Eine Taliban-Propaganda-Video-CD - verteilt in den Basaren Afghanistans. Besungen wird der Kampf der Gotteskrieger gegen die Ungläubigen, gegen die Besatzer. Zu sehen sind verwackelte Bilder, die von den vermeintlichen Heldentaten der Taliban künden sollen: von Bombenanschlägen auf afghanische und ausländische Militärs. Kurz bevor die Taliban-Kämpfer den Sprengsatz per Fernauslöser zünden, feuern sie sich an mit dem Ruf "Allahu Akbar - Gott ist groß!".

Von Christoph Heinzle |
    Die Explosion zerreißt das Militärfahrzeug. Freude auf Seiten der Täter. "Alhamdulillah" hört man die Taliban rufen, "Gelobt sei Allah!". Die Taliban-Videos sind Beleg gewachsener Stärke der radikalislamischen Kämpfer. Seit vergangenem Jahr wuchs ihre Präsenz massiv. Immer höher wurde die Zahl der Opfer. Zunächst durch Bombenanschläge, Selbstmordattentate und vereinzelte Angriffe auf Militär, Polizei, Entwicklungshelfer und Regierungsmitarbeiter. In den vergangenen Monaten kam es immer häufiger zu blutigen Gefechten mit oftmals Hunderten von Taliban-Kämpfern gegen afghanische und internationale Sicherheitskräfte.

    In einer pompösen Villa im Südwesten Kabuls lebt Mullah Abdul Salam Saif. 2001 war er weltbekannt. Damals war Saif als afghanischer Botschafter in Pakistan Gesicht und Stimme des Taliban-Regimes. Nach dem Sturz der Taliban stürzte auch ihr Botschafter. Saif wurde in Pakistan verhaftet, an die USA ausgeliefert. Drei Jahre und zehn Monate war er in US-Gefangenschaft, die meiste Zeit in Guantánamo.
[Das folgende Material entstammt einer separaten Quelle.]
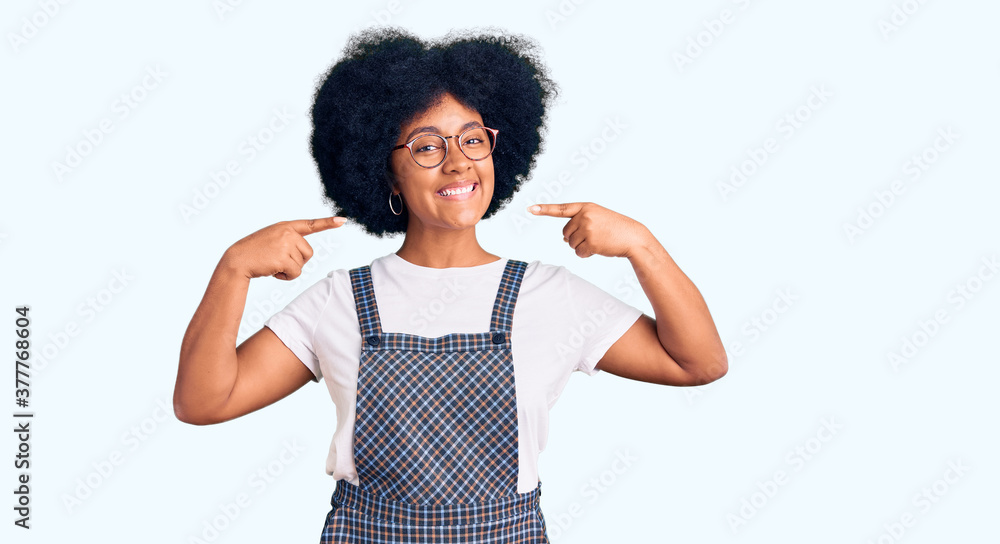 Young african american girl wearing casual clothes smiling cheerful showing and pointing with fingers teeth and mouth. dental health concept. Young african american girl wearing casual clothes smiling cheerful showing and pointing with fingers teeth and mouth. dental health concept.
Seit Ende vergangenen Jahres lebt der Ex-Diplomat in Kabul. Als neutraler Privatmann, wie er sagt. Angesichts der neuen Gewalt in Afghanistan mache er sich große Sorgen, so Abdul Salam Saif. Der frühere Taliban-Funktionär wirbt für einen Dialog.
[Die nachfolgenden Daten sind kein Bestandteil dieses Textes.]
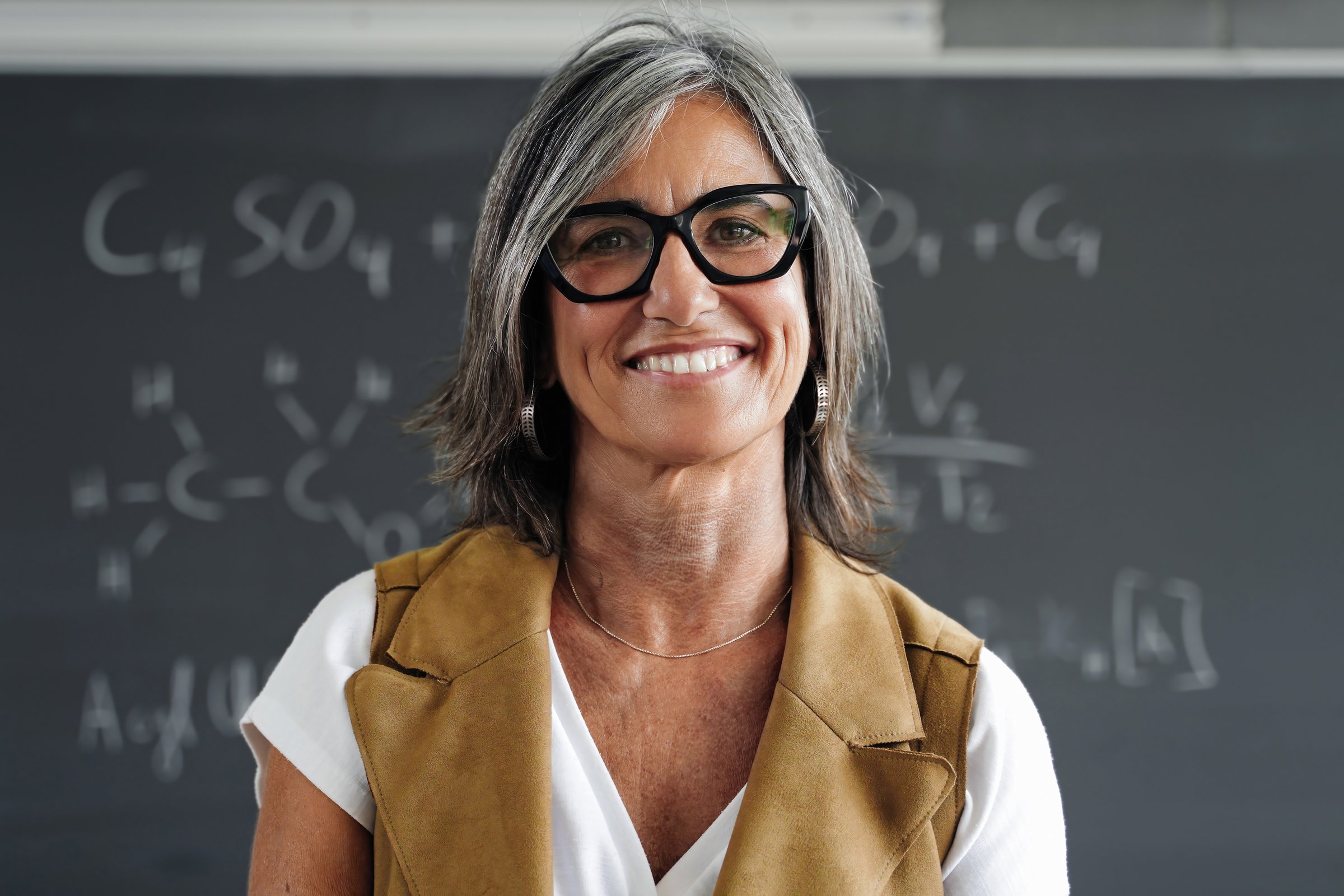Mature female professor standing college classroom smiling looking at camera. Happy High School woman science teacher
    " Die Taliban kommen aus Afghanistan. Sie wollen es nicht zerstören, keine Afghanen umbringen. Die Mehrheit der Taliban will das nicht. Sie wollen in Afghanistan bleiben und der Bevölkerung helfen. Doch sie haben Angst, verhaftet zu werden. Nur Verständnis und Verhandlungen werden zu einer Lösung führen, nicht Krieg. Die Anwendung von Gewalt verschlimmert die Lage nur und wird zur weiteren Destabilisierung Afghanistans führen. "

    Erstmals seit 2001 sprechen afghanische Beobachter, westliche Entwicklungshelfer und Diplomaten in Kabul von der Gefahr, die Stabilisierung in Afghanistan könnte scheitern. Doch Außenminister Rangin Dadfar Spanta hält Pessimismus für unbegründet.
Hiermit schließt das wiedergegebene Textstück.